## ASSIGNMENT
Return all of the data below verbatim and exclude every picture.

## MATERIAL PROVIDED

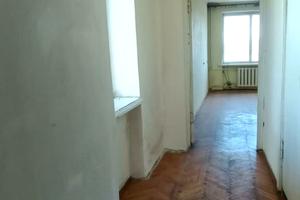 квартира за адресою Тролейбусна вул., 12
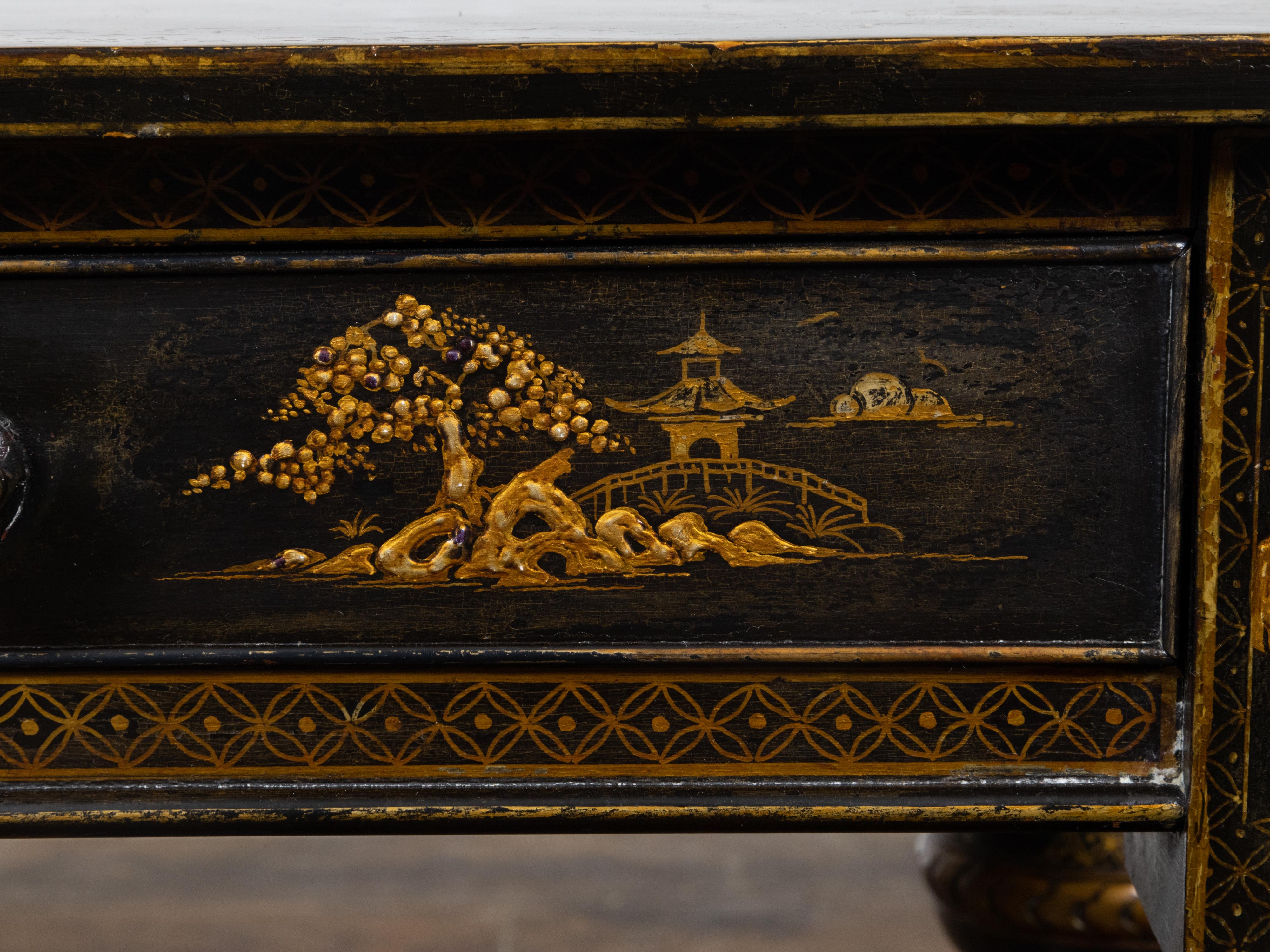 English 1880s Black and Gold Japanned Side Table with Chinoiserie Décor For Sale 11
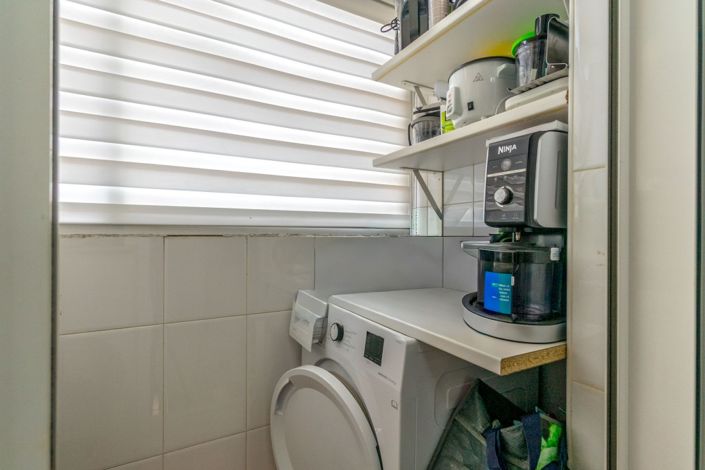 Image No.18-4 Bed Semi-Detached for sale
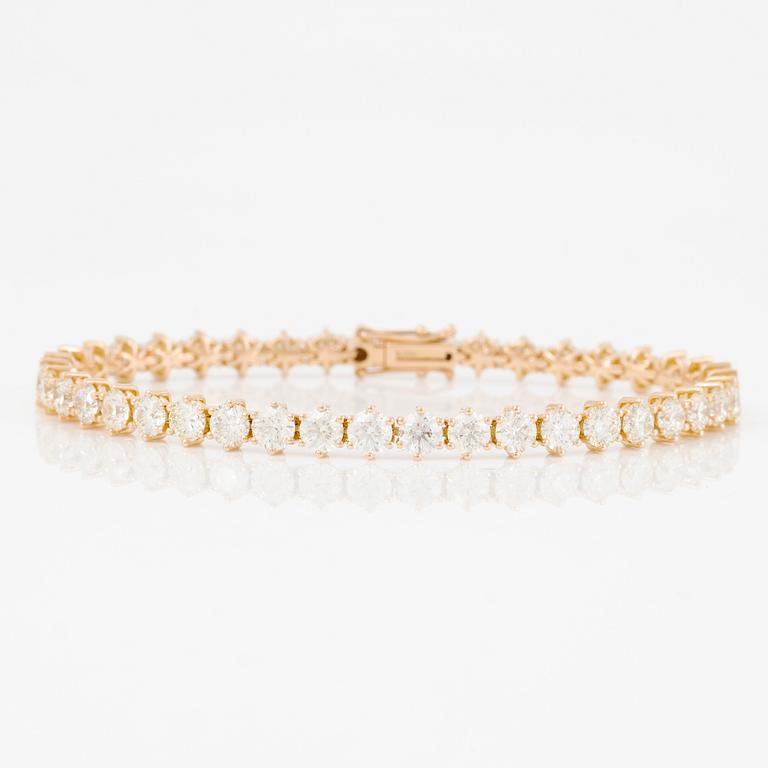 Tennis bracelet in 18K gold with brilliant-cut diamonds.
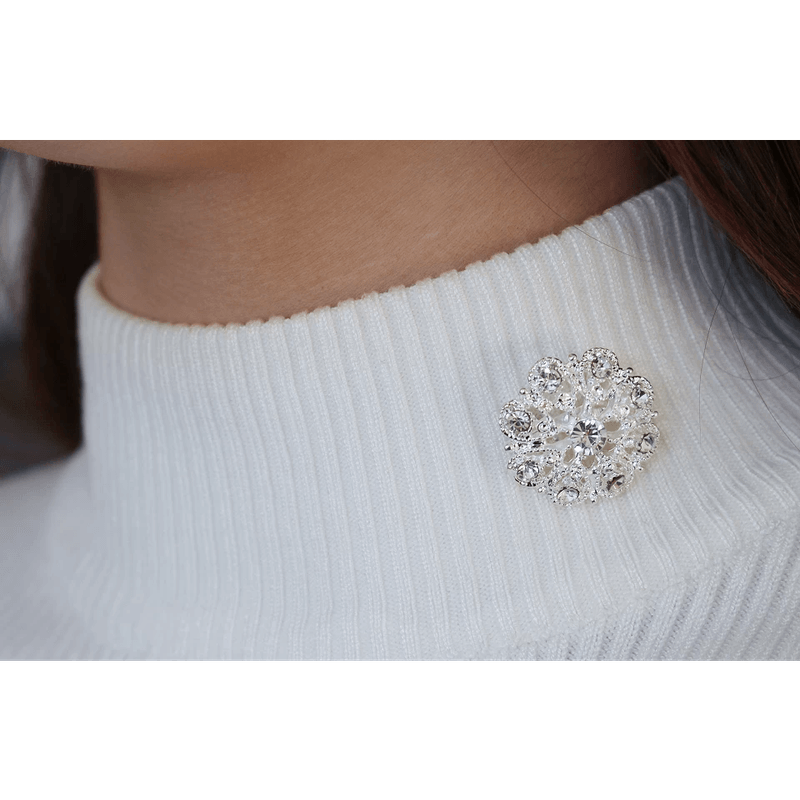 Fashion, accesorii si bijuterii - Femei - Bijuterii femei - Brose femei - Brosa cu strasuri pentru buchetul miresei, floare argintie - Infinity.ro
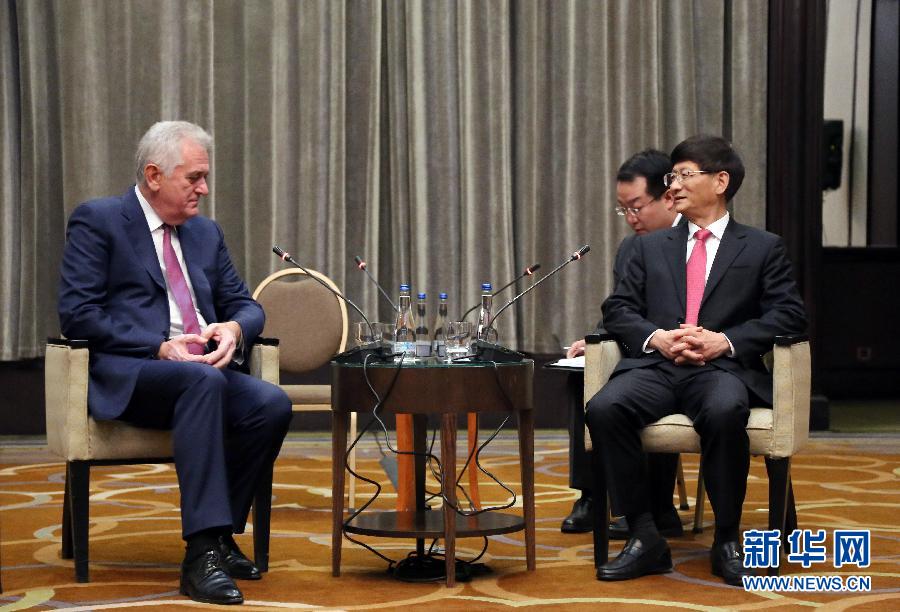 9月11日，在塞爾維亞首都貝爾格萊德，習近平主席特使、中共中央政治局委員、中央政法委書記孟建柱（右）會見塞爾維亞前總統(tǒng)尼科利奇（左）。新華社記者王慧娟攝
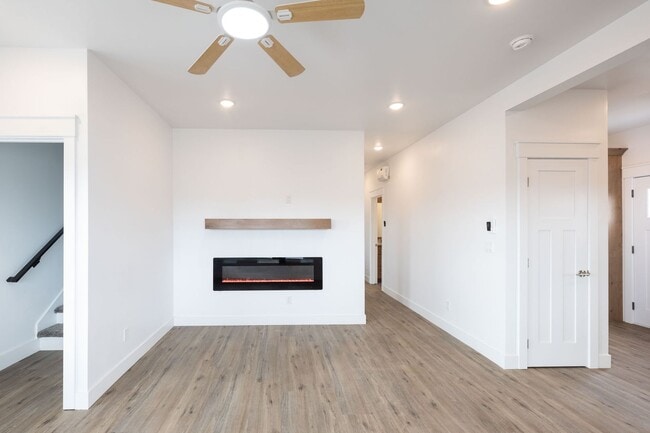 Photo - L2422OY Unit Downstairs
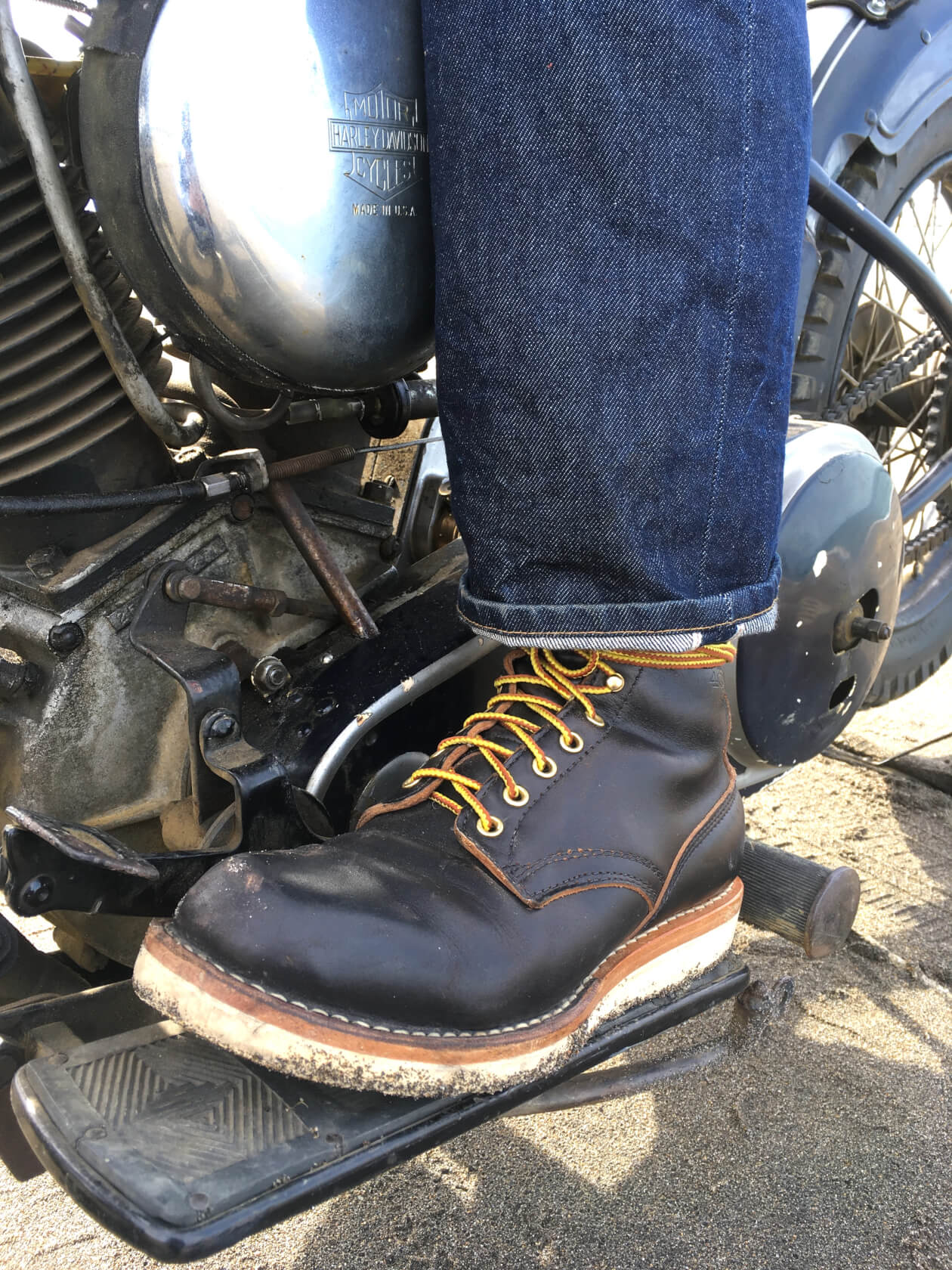 3 MONTH AFTER / 4Q FOREMAN – WHITE'S BOOTS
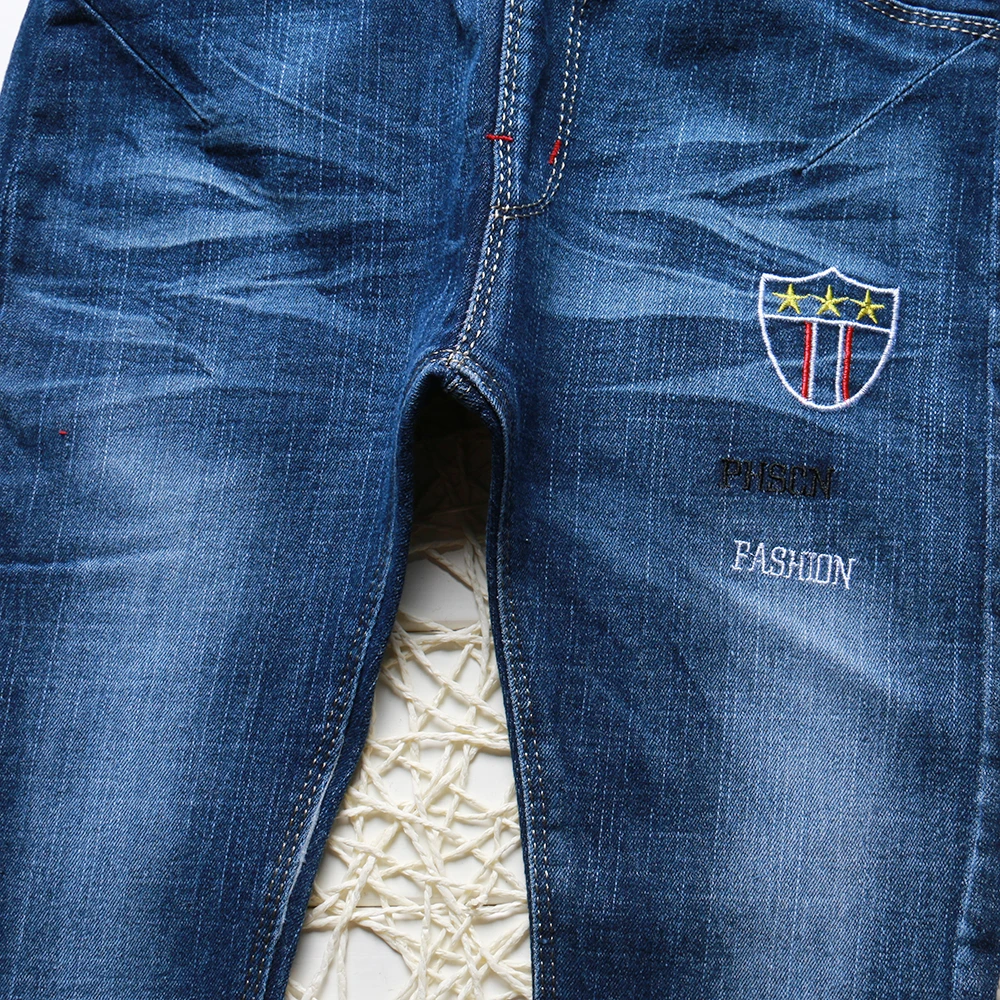 Коллекция года, модные джинсы для мальчиков весенне-Осенняя детская одежда детские джинсы с вышитыми надписями и звездами темно-синие джинсовые штаны, От 4 до 9 лет HX-06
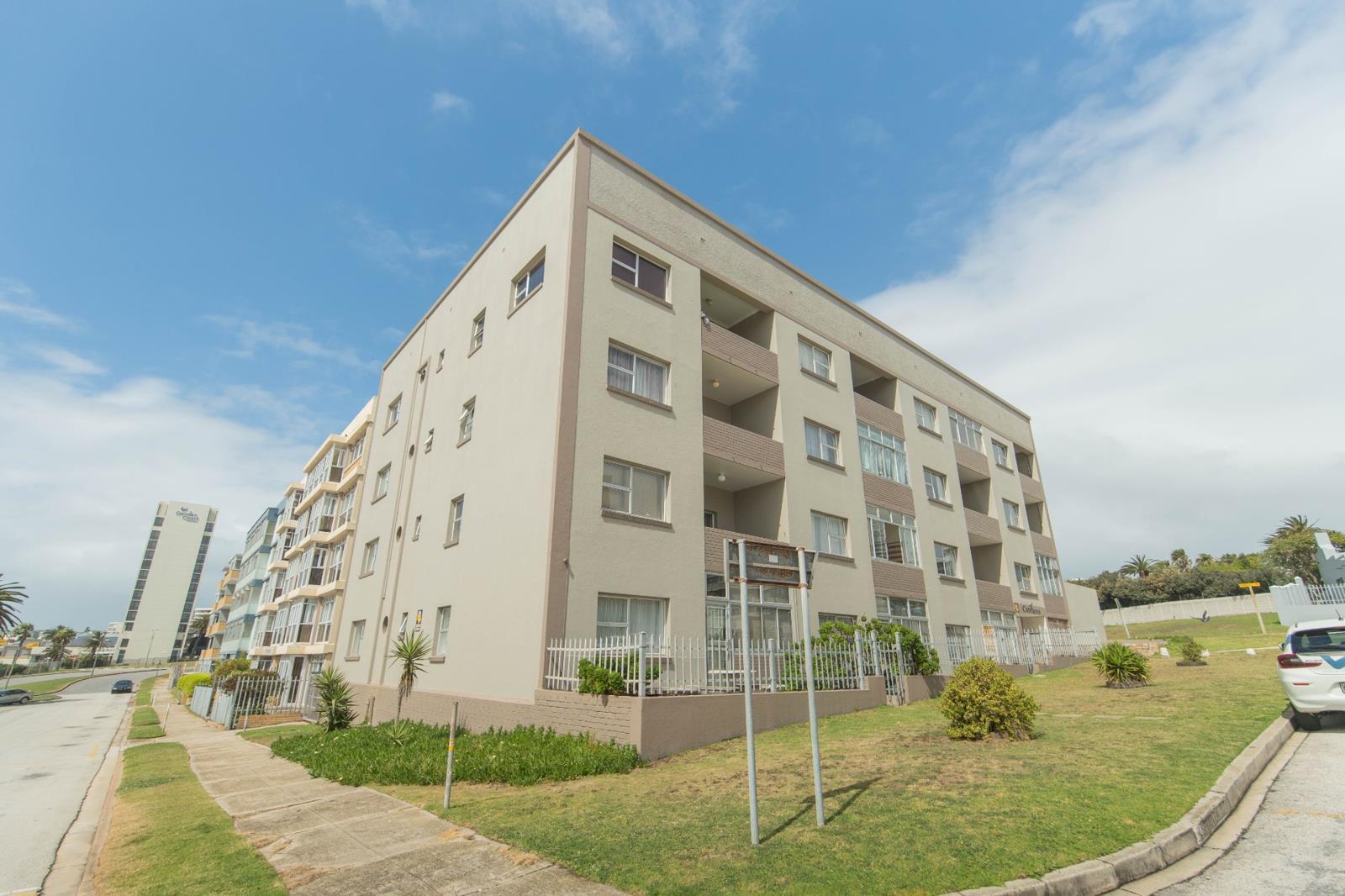 Bachelor apartment in Humewood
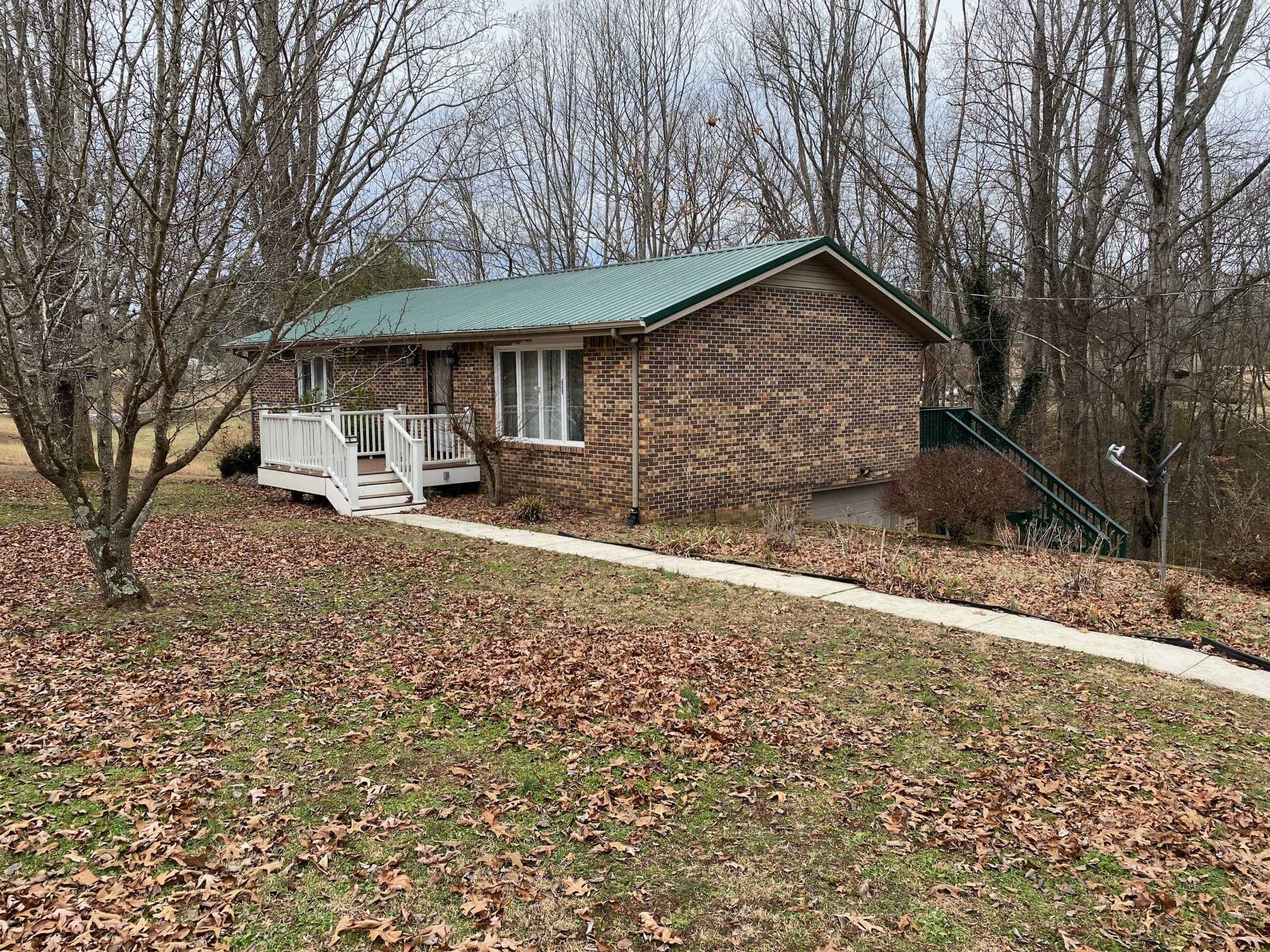 829 Dripping Springs Road Winchester, TN 37398 - Photo 2 of 32 a front view of a house with garden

## ANSWER AREA
 квартира за адресою Тролейбусна вул., 12
 English 1880s Black and Gold Japanned Side Table with Chinoiserie Décor For Sale 11
 Image No.18-4 Bed Semi-Detached for sale
 Tennis bracelet in 18K gold with brilliant-cut diamonds.
 Fashion, accesorii si bijuterii - Femei - Bijuterii femei - Brose femei - Brosa cu strasuri pentru buchetul miresei, floare argintie - Infinity.ro
 9月11日，在塞爾維亞首都貝爾格萊德，習近平主席特使、中共中央政治局委員、中央政法委書記孟建柱（右）會見塞爾維亞前總統(tǒng)尼科利奇（左）。新華社記者王慧娟攝
 Photo - L2422OY Unit Downstairs
 3 MONTH AFTER / 4Q FOREMAN – WHITE'S BOOTS
 Коллекция года, модные джинсы для мальчиков весенне-Осенняя детская одежда детские джинсы с вышитыми надписями и звездами темно-синие джинсовые штаны, От 4 до 9 лет HX-06
 Bachelor apartment in Humewood
 829 Dripping Springs Road Winchester, TN 37398 - Photo 2 of 32 a front view of a house with garden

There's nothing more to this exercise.